When the question is asked, “What is it to lead the church in the postmodern context?” and then, more specifically, “What is it for women to lead in the postmodern context?” it is hard to get around the refreshing, contrarian turns in Laurel’s journey. At base, the way she influences, whether at Target or through her e-devotional, is unapologetically organic. There are no top-down systems here, no grandiose, lone-ranger dreams, no mega-church blueprints. Rather, here is a woman, showing up with her full self, her full story, and in full presence – on the people’s turf and in the rhythm of their lives. Surely, she must have earned A’s in Missiology.

Yet, Laurel’s presence is the antithesis of impotent. Laurel’s late-night co-workers who stock the wide-aisle shelves at Target know her as a powerhouse of a woman. Not only is she a hydrant of comedy (Laurel believes life is comic relief to the weight of eternity). The way she invests time in her co-workers, Laurel’s lived spirituality makes the four spiritual laws sound like a multi-level marketing come-on. At 12:30 a.m., Laurel and Suzanne are doubling over in laughter about Suzanne’s disaster on Saturday night. At 2:25 a.m., Laurel hefts big boxes of laundry detergent onto her motorized cart and tries to help 26–year-old Jennifer figure out what to do about her autistic son’s latest bout. At 4:05 a.m., Laurel is stocking dog-food, engrossed in Bob’s tirade about his alcoholic wife. At 7:33, she’s punching out, heading to the pancake house for breakfast where the coffee, pancakes, teasing, guffaws, and conversation will be flowing non-stop. At 9:00 a.m., she’s driving home to have a last cup of coffee before her pastor-husband leaves for work. Maybe she’ll be able to catch a few hours of sleep before her grandson arrives at 3:30, but only after she checks out that quirky journal article on Kierkegaard she’s been waiting to read. She’s been a Kierkegaard fan since seminary days. Her seminary days.

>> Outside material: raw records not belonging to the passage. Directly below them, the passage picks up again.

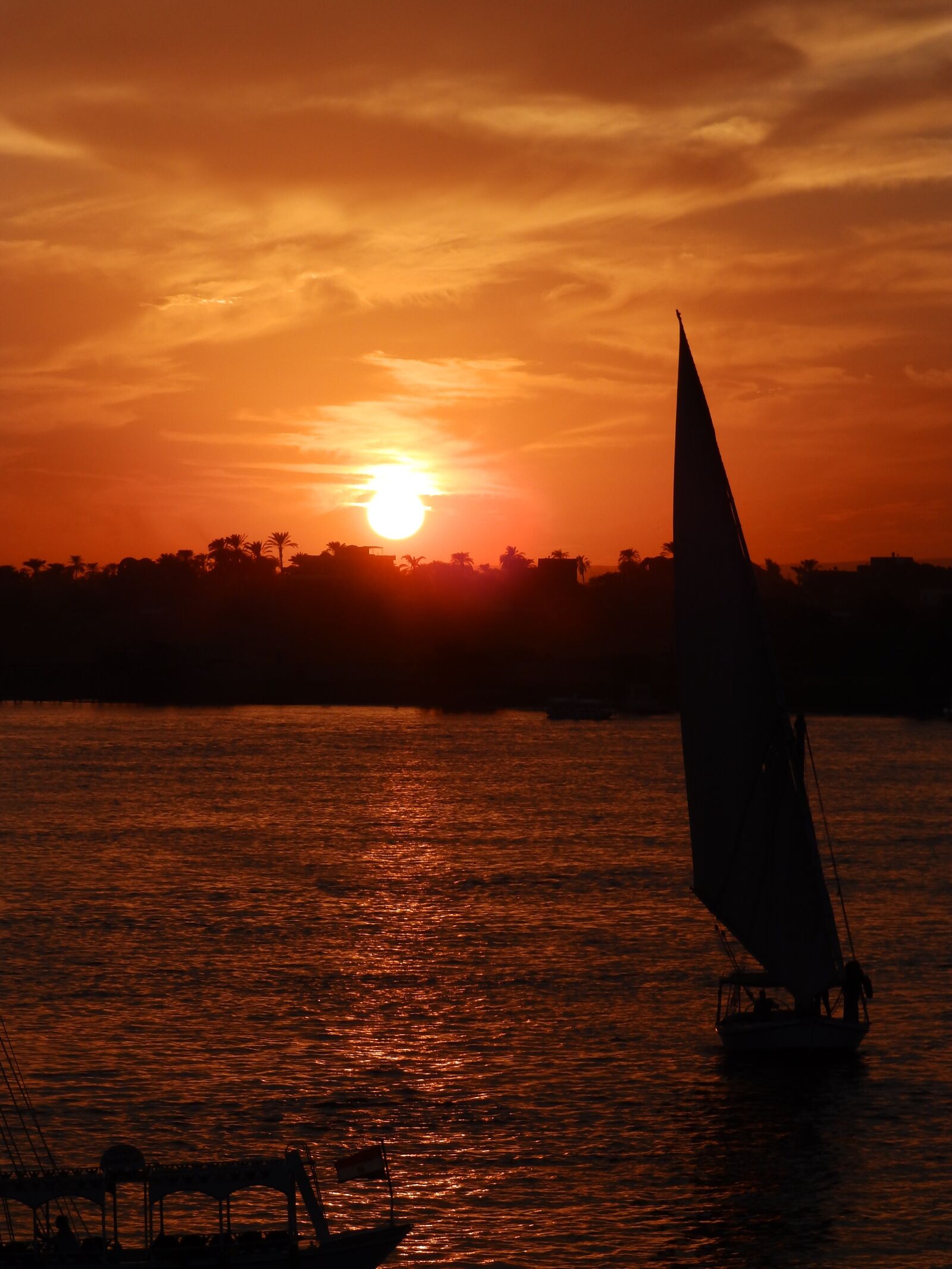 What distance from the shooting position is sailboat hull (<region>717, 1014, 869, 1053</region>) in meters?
35.0

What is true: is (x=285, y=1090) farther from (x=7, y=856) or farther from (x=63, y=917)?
(x=7, y=856)

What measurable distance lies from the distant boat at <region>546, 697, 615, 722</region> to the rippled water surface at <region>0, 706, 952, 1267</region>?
341 feet

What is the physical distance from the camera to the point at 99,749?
15038 centimetres

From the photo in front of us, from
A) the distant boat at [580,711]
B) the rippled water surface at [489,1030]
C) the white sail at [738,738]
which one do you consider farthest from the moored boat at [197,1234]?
the distant boat at [580,711]

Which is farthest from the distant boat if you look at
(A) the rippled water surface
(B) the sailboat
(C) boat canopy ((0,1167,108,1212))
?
(C) boat canopy ((0,1167,108,1212))

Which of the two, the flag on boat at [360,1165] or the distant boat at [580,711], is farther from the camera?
the distant boat at [580,711]

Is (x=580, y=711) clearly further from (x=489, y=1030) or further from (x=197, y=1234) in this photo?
(x=197, y=1234)

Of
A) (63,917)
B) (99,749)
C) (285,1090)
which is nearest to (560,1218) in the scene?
(285,1090)

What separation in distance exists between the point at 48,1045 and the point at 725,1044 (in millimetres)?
16577

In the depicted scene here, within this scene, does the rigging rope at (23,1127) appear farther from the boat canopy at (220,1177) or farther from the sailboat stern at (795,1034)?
the sailboat stern at (795,1034)

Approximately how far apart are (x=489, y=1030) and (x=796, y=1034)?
8.65 metres

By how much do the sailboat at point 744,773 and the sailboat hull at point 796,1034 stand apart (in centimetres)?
3

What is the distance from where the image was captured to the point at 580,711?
196125 millimetres

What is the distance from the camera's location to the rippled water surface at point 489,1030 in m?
28.5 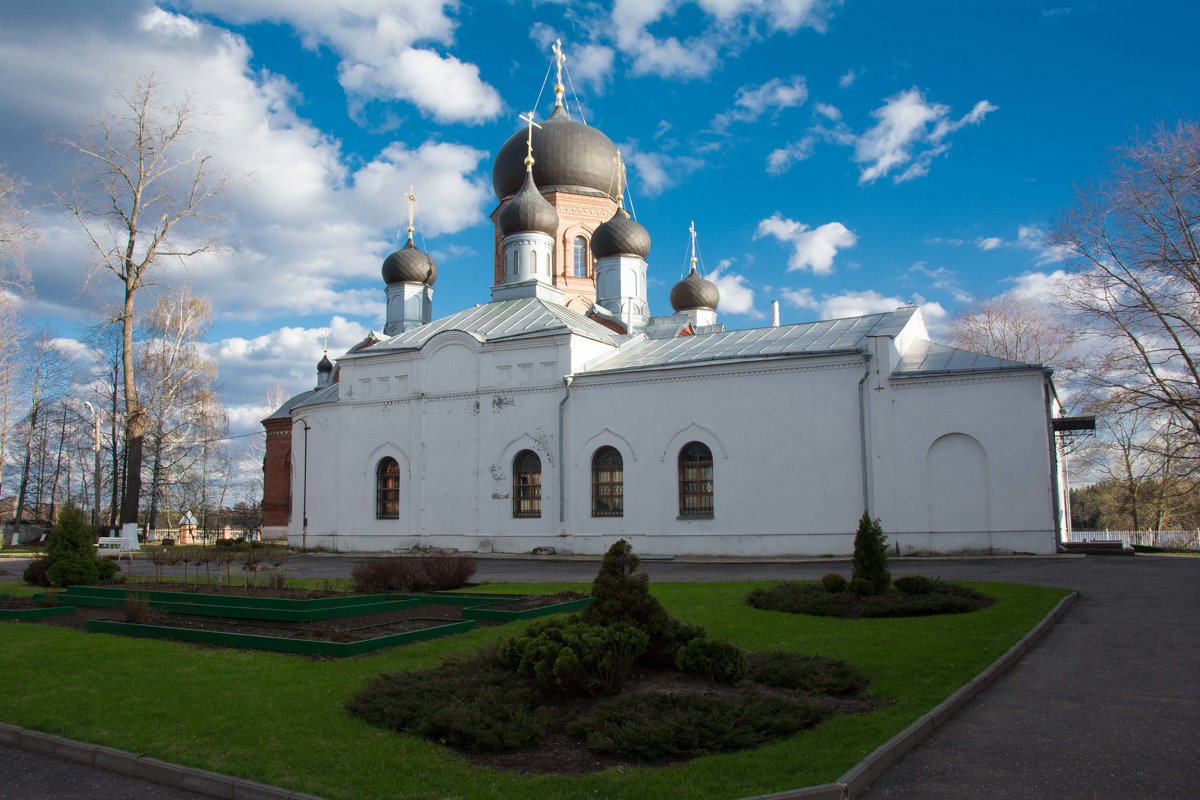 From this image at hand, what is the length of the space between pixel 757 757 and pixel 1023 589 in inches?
352

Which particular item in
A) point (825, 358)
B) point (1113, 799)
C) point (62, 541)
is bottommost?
point (1113, 799)

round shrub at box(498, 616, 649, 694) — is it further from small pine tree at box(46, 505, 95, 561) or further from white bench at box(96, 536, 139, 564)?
white bench at box(96, 536, 139, 564)

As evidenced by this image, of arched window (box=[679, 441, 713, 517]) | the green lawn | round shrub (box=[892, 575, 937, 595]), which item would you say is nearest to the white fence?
arched window (box=[679, 441, 713, 517])

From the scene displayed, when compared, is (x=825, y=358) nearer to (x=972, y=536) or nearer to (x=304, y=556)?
(x=972, y=536)

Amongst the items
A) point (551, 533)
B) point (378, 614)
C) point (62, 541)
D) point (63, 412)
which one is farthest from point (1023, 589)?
point (63, 412)

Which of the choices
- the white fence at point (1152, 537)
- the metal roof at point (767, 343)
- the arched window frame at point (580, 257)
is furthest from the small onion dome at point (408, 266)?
the white fence at point (1152, 537)

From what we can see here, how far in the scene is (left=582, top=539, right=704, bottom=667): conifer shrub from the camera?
23.6ft

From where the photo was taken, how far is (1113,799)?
4.53 meters

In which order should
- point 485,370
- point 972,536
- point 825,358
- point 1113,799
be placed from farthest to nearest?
point 485,370
point 825,358
point 972,536
point 1113,799

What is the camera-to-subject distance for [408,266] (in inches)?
1451

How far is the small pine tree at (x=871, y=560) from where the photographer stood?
37.7ft

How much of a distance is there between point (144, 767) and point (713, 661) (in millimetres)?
4061

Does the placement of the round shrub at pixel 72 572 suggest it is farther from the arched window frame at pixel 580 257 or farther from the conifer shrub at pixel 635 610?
the arched window frame at pixel 580 257

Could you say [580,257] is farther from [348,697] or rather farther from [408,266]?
[348,697] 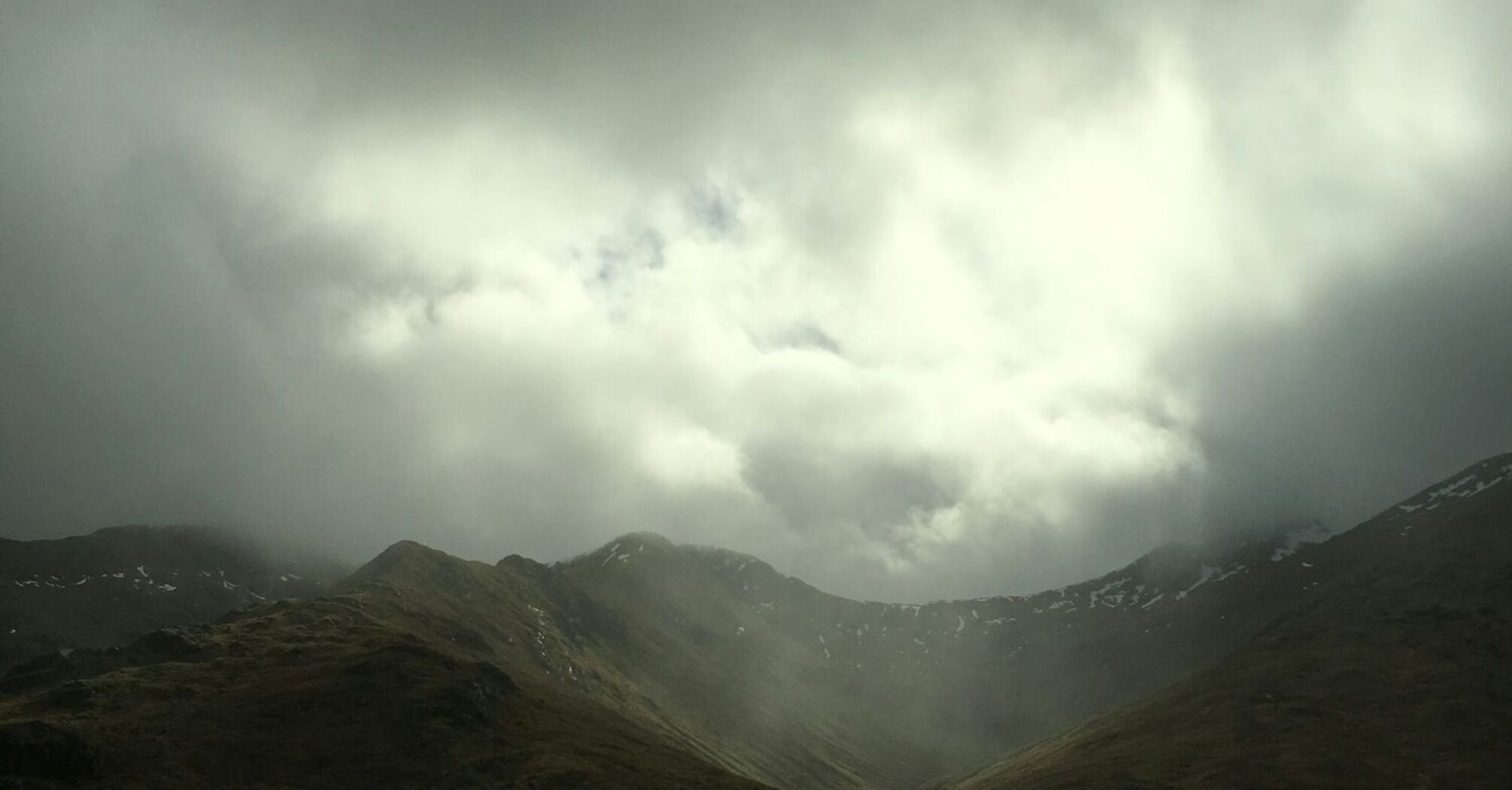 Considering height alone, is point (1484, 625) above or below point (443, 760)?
above

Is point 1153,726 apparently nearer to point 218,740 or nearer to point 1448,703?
point 1448,703

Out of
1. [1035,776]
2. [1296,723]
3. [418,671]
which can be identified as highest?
[418,671]

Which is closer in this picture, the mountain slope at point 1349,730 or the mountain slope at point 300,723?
the mountain slope at point 300,723

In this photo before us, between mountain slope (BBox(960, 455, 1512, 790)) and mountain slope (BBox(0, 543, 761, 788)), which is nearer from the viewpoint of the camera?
mountain slope (BBox(0, 543, 761, 788))

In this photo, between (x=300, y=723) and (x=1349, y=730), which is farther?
(x=1349, y=730)

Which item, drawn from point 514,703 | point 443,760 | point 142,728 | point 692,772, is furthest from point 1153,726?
point 142,728

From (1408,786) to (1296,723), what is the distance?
113 feet

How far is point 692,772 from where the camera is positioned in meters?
145

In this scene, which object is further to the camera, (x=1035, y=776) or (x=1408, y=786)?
(x=1035, y=776)

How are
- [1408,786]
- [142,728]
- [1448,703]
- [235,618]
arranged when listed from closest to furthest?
[142,728] < [1408,786] < [1448,703] < [235,618]

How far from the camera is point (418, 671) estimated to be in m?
145

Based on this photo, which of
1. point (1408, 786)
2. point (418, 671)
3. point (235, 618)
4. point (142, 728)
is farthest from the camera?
point (235, 618)

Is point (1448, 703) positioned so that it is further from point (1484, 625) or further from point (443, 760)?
point (443, 760)

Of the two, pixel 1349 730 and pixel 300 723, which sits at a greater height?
pixel 300 723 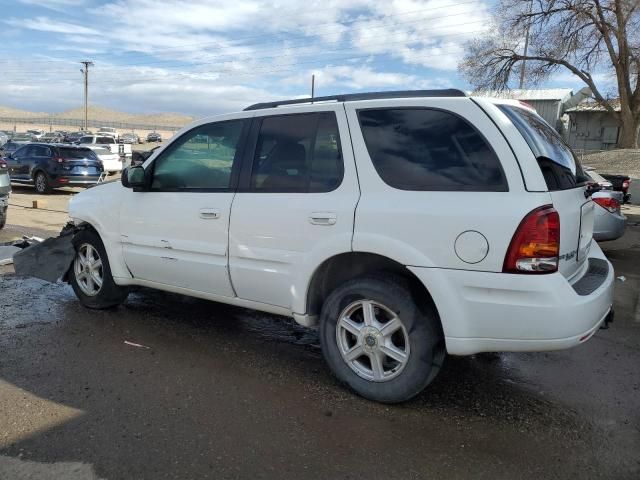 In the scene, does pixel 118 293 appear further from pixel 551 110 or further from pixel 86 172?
pixel 551 110

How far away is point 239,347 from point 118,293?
1474mm

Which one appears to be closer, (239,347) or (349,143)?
(349,143)

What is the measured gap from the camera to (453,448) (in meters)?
2.98

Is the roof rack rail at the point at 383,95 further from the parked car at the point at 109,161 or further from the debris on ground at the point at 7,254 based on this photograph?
the parked car at the point at 109,161

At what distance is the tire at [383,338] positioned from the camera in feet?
10.7

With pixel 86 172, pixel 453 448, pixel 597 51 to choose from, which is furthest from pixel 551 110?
pixel 453 448

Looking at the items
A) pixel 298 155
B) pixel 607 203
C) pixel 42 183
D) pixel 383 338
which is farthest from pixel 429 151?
pixel 42 183

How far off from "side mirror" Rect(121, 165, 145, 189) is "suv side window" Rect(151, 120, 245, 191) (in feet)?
0.31

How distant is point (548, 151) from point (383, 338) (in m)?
1.51

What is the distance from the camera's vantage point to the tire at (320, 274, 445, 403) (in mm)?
3258

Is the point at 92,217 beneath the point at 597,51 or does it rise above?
beneath

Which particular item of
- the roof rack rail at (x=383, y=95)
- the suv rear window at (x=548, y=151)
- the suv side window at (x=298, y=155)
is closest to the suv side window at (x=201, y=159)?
the suv side window at (x=298, y=155)

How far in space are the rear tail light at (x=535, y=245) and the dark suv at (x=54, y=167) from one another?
16511 millimetres

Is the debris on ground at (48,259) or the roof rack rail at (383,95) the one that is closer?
the roof rack rail at (383,95) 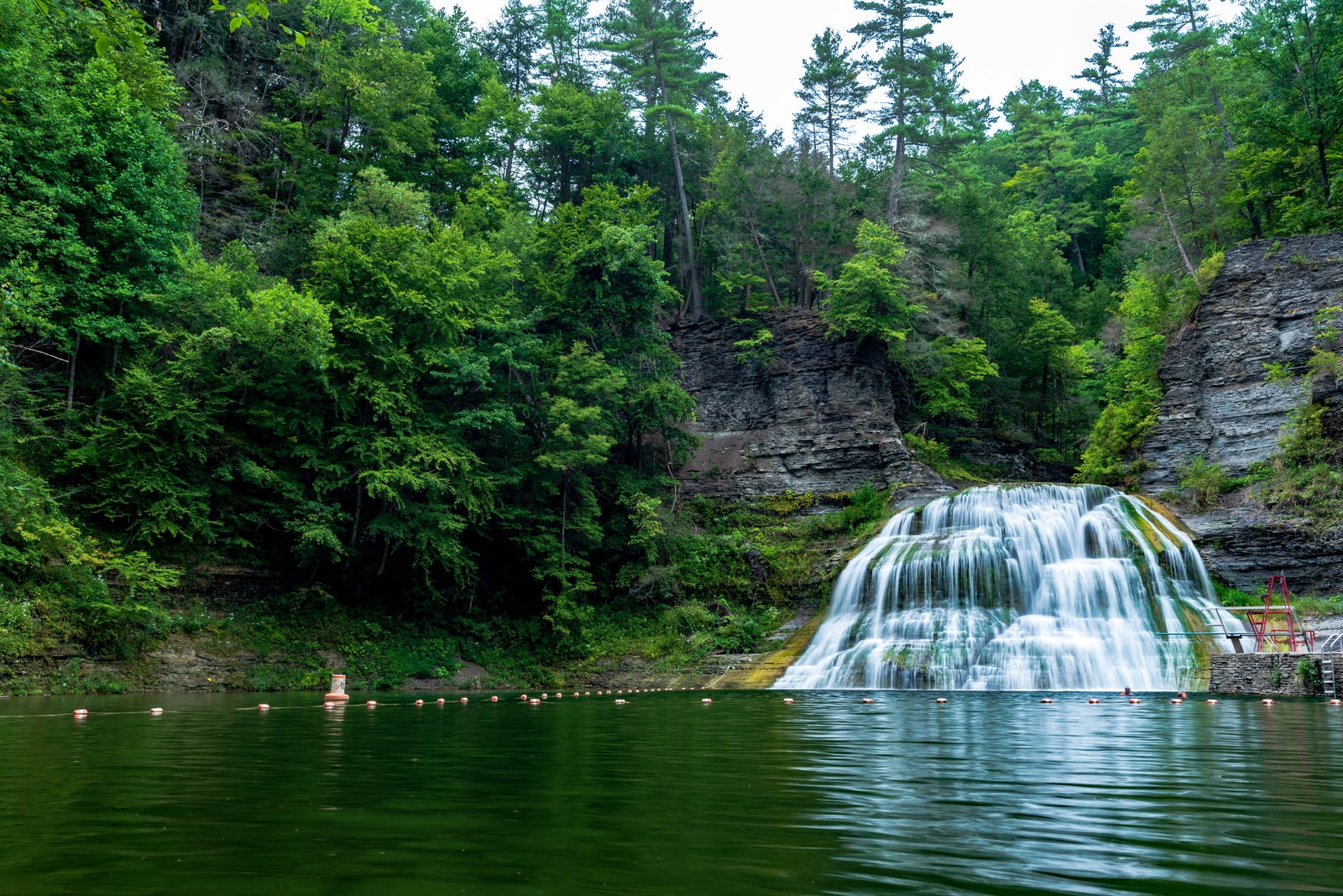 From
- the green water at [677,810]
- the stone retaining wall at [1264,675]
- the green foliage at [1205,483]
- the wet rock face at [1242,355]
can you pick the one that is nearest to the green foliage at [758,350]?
the wet rock face at [1242,355]

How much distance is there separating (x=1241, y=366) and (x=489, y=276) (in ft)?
79.2

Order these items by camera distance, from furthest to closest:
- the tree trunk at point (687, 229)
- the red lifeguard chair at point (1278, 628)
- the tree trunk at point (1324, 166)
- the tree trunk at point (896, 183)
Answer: the tree trunk at point (687, 229) < the tree trunk at point (896, 183) < the tree trunk at point (1324, 166) < the red lifeguard chair at point (1278, 628)

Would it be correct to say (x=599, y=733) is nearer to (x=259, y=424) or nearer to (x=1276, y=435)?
(x=259, y=424)

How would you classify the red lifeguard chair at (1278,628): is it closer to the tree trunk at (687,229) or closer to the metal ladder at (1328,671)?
the metal ladder at (1328,671)

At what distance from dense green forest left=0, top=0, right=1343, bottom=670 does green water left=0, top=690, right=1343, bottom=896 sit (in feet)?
13.9

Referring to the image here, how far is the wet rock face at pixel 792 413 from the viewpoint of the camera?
31.2 m

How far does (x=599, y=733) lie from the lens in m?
9.15

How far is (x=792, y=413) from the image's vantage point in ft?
112

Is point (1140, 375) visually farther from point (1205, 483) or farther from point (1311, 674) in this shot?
point (1311, 674)

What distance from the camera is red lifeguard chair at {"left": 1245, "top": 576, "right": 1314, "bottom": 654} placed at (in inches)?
632

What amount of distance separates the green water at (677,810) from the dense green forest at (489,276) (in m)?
4.24

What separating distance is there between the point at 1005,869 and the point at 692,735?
6.08 meters

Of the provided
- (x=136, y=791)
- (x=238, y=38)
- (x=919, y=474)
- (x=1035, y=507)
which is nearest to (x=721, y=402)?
(x=919, y=474)

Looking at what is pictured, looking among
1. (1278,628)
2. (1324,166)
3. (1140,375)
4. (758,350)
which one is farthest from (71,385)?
(1324,166) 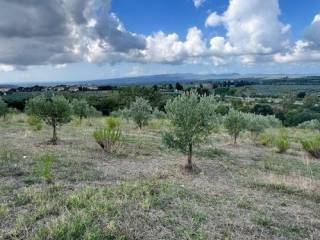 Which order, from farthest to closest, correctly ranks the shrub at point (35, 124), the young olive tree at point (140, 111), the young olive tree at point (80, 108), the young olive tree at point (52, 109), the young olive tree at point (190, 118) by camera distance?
the young olive tree at point (80, 108), the young olive tree at point (140, 111), the shrub at point (35, 124), the young olive tree at point (52, 109), the young olive tree at point (190, 118)

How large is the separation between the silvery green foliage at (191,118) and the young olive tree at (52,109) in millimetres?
7520

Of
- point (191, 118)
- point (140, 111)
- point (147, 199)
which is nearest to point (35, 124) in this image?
point (140, 111)

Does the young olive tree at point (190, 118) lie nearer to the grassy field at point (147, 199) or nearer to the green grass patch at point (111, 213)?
the grassy field at point (147, 199)

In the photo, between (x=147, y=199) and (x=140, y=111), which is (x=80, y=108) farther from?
(x=147, y=199)

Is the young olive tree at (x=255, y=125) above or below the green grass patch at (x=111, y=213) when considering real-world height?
below

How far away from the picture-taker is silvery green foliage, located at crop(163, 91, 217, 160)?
15.8m

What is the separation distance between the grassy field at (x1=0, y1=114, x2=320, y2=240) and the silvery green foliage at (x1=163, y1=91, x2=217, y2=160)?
54.5 inches

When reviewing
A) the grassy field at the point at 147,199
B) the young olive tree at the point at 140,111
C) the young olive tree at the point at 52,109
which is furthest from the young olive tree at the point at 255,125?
the young olive tree at the point at 52,109

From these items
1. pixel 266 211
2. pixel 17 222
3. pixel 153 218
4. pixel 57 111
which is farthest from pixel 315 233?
pixel 57 111

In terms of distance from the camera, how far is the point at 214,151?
2147 centimetres

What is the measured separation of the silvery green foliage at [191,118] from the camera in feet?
52.0

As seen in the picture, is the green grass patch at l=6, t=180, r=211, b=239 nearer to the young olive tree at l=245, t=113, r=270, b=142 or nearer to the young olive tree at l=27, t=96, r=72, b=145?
the young olive tree at l=27, t=96, r=72, b=145

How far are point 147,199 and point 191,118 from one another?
6850 millimetres

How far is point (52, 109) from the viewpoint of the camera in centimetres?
2089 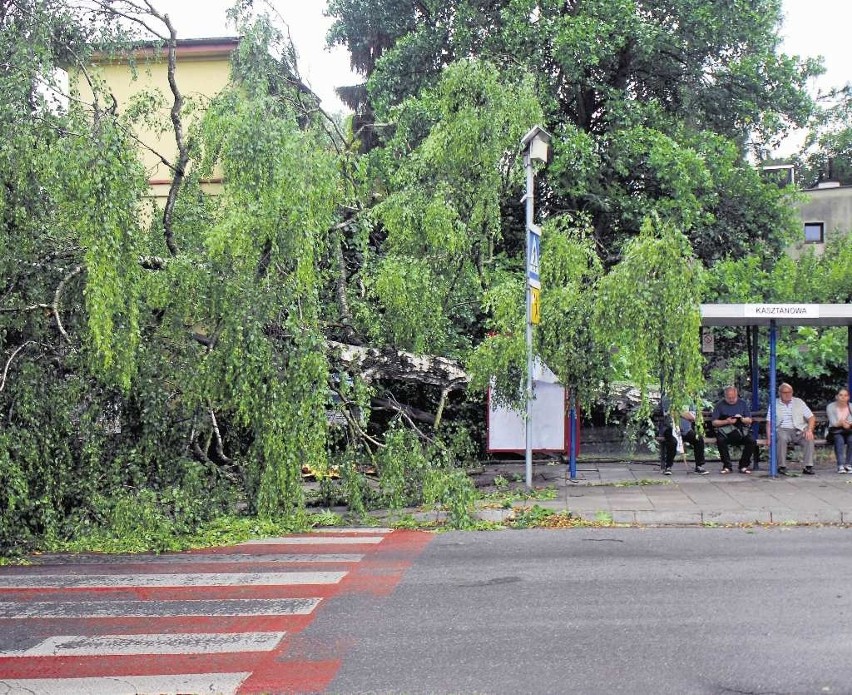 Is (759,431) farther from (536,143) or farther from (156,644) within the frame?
(156,644)

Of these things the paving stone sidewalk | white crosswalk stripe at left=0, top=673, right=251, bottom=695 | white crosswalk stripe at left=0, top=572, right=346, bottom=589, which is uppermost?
white crosswalk stripe at left=0, top=673, right=251, bottom=695

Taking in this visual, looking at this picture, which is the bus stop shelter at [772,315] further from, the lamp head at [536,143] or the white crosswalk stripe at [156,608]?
the white crosswalk stripe at [156,608]

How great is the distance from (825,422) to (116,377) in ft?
42.0

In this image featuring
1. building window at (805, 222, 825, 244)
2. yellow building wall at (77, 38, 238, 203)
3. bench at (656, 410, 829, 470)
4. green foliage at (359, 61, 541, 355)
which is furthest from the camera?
building window at (805, 222, 825, 244)

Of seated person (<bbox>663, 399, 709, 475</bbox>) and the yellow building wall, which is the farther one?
seated person (<bbox>663, 399, 709, 475</bbox>)

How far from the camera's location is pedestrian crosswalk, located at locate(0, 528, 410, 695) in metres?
5.18

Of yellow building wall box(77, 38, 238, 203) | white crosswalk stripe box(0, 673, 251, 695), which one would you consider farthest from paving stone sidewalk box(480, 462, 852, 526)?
yellow building wall box(77, 38, 238, 203)

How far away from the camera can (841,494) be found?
11461mm

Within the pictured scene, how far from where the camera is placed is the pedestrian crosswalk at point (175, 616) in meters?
5.18

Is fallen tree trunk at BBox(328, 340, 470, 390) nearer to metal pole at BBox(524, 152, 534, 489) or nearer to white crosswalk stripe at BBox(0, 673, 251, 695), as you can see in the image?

In many ways, Laurel is an anomaly within American religion and most certainly, within evangelicalism. Ordained and newly planted in a rural/bedroom community, Laurel rejected a comfortable church job (her husband had secured a pastoral position only twenty miles away), striking out in ministry completely on her own. What could have been the picture-perfect scenario – “clergy couple pastors neighboring parishes” - became “middle-aged woman hangs out with Target misfits.”

Even at fifty-five, Laurel is more postmodern than modern. Perhaps it was a gradual transition. Perhaps she woke up one day and screamed, “This isn’t working!” Perhaps it was one too many budget meetings, one too many building committees, or one too many worship wars. Whatever the case, Laurel simply couldn’t be a woman of the great machine any longer. Besides, she’d been witnessing a quiet but significant shift in her community’s spiritual temperament. Since the late nineties, what had been at least a little stream of unchurched visitors had dwindled to less than a trickle. Even the megachurches down the street from her little red-brick congregation were hurting for new faces, their 1980’s, “if we build it, they will come” approach operating on fumes. To Laurel, the community both she and these megachurches served had moved on. One could not simply put up a billboard sign and expect the unchurched to come knocking, even if you showed up in the neighborhood with the formula intact: a cute-sounding church name, killer band, concert-venue tech system, and a golden-haired pastor-boy.

No, as Laurel saw it, the audacious, “we’ve got just the thing for you” years were over. For years, she’d had the nasty habit of spending time with people totally disconnected from religion (it was her secret solace), and she knew first hand that none of them had the slightest interest in checking out the show under the big top. They were more interested in eating pancakes, lingering in the parking lot at their kids’ soccer games, drinking beer at the local grill, or playing Texas Hold’em on Saturday night. Their sacred space was wherever life was happening, and after all these years stuck inside the redbrick ghetto, Laurel wanted to be there.